Now that you mention it, I guess I haven't seen alot of bottom fed outdoor panels. But really, there is enough room in the wireways to allow the feeders to come from the bottom and land on the breaker up top. I've done it hundreds of times. It's only three wires, two if you can move the neutral lug to the bottom. Shape your wires, starting with the one furthest from the side you are entering on. Some panels have small metal protrusions in the back of the can that are meant to be used for tie downs or zip ties. Use a couple of zip ties to bundle the cables together, then zip tie them to the panel to hold them out of the way.

micromind 04-23-2009 08:55 AM

It helps to run the feed conduit on one side or the other, not in the middle. It looks sorta odd on the outside, but it sure makes wiring the inside easier.

Rob

wmldwilly 04-23-2009 02:50 PM

Quote:

Originally Posted by micromind (Post 264445)
It helps to run the feed conduit on one side or the other, not in the middle. It looks sorta odd on the outside, but it sure makes wiring the inside easier.

Rob

Hmm...but with a consumer box i'd have to punch my own 2 1/2" hole at the left or right corner, amongst all the little pre-punched holes and probably make a mess of it. it seems the retail boxes only provide a small-to-huge knockout ring right in the middle. everybody's Nema3 boxes seem to have a full knockout ring at the bottom corners on the sides (facing outwards rather than downwards) but I can't imagine getting feed cable to make that tight of a corner (in a condolette or something).

time to look at everybody's bottom knockout patterns...

HouseHelper 04-23-2009 03:05 PM

Never really had a problem with this, and I usually do it with 4/0 Al. With a center feed, send one hot and the neutral up one side, the other hot up the other to give you a little more room. The Al wire shapes easily.

220/221 04-23-2009 06:11 PM

In new panels, which generally have loads of room in them, there is plenty of room to run your feeders up an into top lugs.

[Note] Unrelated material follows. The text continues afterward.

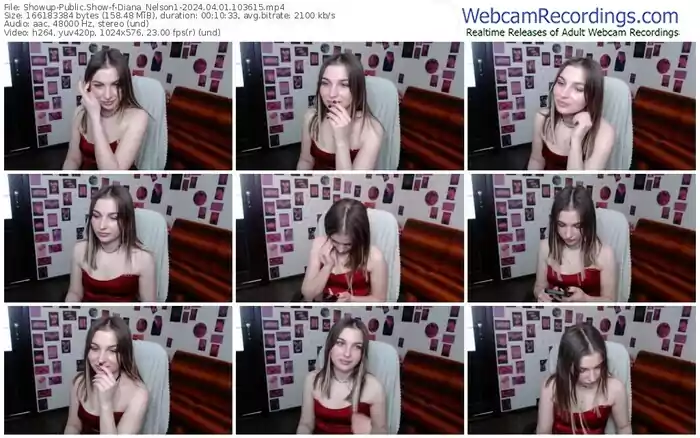 showup-diana_nelson1-04-01-2024-10-36-15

If I can't flip the bus I just run the feeders up and over in the can.

Actually, you can always flip the bus. The dead front can be a whole nother issue. :laughing:

micromind 04-23-2009 07:35 PM

Another option is to run the feeder conduit up to the side of the panel, and use an LB to enter the panel on the side, near the top. Depending on how fussy the inspector is, you might have to enter the panel with a close nipple and a Meyers hub.

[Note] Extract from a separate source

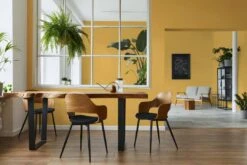 A.S. Creation Peinture Murale Premium Jaune - PURO C8005 Jaune Soleil -A.S. Creation Soldes DD126109 3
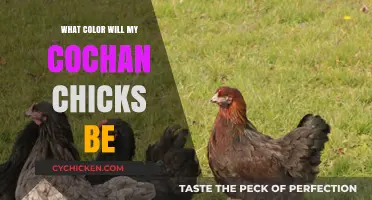 Predicting Your Cochan Chicks' Feather Colors: A Beginner's Guide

There likely won't be any factory knockouts on the side of the panel, you can drill one in with a holesaw. This would also be a good spot to reduce to 2", or even 1-1/2". It's much easier to holesaw a smaller hole.

Rob

InPhase277 04-23-2009 07:46 PM

Quote:

Originally Posted by micromind (Post 264745)
Another option is to run the feeder conduit up to the side of the panel, and use an LB to enter the panel on the side, near the top.

Rob

LB's work, but it is one of my pet peeves. I think it just looks tacky to have an LB where an LL or LR would more appropriate. Just me though...

micromind 04-23-2009 07:48 PM

Agreed. The cover plate out front looks like someone actually planned it that way!

Plus, it's easier to get big wires into an LL or LR.